Vukov sabor (Вуков сабор), also known as Vuk's Convocation or Vuk's Fair, is the oldest and most massive cultural event in Serbia. It was named after the reformer of the Serbian language Vuk Karadžić. The central program is traditionally held in September in Vuk's birthplace Tršić, near Loznica. Part of the program is realized in Loznica, Belgrade and the nearby Tronoša Monastery.

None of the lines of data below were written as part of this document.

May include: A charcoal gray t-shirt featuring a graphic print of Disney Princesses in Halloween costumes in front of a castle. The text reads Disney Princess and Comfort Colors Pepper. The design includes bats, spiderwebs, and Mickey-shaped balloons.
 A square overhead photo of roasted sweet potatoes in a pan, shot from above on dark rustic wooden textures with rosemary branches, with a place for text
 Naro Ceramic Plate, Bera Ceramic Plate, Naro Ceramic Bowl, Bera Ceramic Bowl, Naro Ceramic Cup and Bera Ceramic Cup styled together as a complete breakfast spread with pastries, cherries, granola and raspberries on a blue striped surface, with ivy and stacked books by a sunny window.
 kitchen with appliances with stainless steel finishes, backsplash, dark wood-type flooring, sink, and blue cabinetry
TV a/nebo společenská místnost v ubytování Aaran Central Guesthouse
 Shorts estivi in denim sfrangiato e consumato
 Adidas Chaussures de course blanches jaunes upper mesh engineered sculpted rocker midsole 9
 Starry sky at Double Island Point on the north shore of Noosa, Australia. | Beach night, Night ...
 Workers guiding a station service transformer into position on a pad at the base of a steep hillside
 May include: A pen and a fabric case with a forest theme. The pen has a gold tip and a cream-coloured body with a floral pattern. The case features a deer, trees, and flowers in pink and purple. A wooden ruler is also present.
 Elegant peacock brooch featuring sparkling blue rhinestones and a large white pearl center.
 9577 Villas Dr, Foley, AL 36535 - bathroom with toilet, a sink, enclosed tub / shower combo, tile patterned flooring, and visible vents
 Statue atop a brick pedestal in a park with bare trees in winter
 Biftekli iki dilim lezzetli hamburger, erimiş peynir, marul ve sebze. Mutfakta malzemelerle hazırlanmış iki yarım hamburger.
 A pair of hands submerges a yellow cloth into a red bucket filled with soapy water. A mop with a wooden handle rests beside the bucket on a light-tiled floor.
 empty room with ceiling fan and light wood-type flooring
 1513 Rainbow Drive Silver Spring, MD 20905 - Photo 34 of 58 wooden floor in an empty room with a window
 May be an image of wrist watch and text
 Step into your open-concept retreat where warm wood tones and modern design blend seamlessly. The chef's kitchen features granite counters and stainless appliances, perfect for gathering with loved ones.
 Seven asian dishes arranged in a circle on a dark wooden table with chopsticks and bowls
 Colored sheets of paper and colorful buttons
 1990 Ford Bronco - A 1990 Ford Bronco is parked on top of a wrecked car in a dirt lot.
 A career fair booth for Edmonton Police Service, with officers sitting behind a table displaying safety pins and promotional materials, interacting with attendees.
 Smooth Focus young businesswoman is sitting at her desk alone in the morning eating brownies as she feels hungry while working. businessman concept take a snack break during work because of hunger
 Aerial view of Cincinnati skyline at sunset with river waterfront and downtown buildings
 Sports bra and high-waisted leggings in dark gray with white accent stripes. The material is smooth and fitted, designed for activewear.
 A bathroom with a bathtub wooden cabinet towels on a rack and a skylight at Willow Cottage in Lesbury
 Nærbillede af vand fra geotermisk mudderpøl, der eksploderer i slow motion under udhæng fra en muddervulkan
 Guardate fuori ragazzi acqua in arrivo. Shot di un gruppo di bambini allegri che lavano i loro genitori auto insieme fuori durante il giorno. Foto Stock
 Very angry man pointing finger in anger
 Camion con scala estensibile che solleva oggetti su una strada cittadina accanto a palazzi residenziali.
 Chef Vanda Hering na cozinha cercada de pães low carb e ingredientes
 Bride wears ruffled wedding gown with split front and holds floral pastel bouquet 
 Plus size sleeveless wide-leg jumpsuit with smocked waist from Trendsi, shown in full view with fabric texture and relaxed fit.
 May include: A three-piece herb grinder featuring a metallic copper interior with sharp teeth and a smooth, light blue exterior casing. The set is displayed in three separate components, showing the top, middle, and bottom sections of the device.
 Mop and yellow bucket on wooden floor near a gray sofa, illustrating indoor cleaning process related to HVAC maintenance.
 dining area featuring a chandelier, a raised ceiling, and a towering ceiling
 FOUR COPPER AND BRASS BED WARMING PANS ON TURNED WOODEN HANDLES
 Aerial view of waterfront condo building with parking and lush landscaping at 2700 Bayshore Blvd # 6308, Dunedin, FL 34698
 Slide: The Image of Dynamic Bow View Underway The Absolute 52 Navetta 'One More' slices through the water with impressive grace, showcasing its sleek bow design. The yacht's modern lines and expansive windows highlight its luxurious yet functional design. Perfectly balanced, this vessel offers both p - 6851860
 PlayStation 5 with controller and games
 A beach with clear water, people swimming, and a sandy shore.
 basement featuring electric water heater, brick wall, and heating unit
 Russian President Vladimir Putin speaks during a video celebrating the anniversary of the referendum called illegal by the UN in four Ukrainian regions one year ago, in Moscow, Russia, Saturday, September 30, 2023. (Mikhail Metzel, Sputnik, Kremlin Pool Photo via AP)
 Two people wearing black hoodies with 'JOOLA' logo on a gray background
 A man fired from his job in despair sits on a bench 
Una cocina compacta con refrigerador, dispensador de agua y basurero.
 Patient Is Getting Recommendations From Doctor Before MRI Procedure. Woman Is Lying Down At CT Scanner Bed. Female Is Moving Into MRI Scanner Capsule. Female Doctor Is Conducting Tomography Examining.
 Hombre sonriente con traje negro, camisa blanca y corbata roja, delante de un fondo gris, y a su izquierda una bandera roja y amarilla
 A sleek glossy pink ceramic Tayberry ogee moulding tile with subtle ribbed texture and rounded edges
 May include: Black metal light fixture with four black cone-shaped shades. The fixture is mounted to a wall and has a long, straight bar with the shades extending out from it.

The manifestation was registered in the National Registrar of Intangible Cultural Heritage of Serbia on June 18, 2012.

== History ==

The first Vukov sabor was held in 1933 and, in following years, Vukov sabor wasn't held only in 1941 and 1944 due to World War II.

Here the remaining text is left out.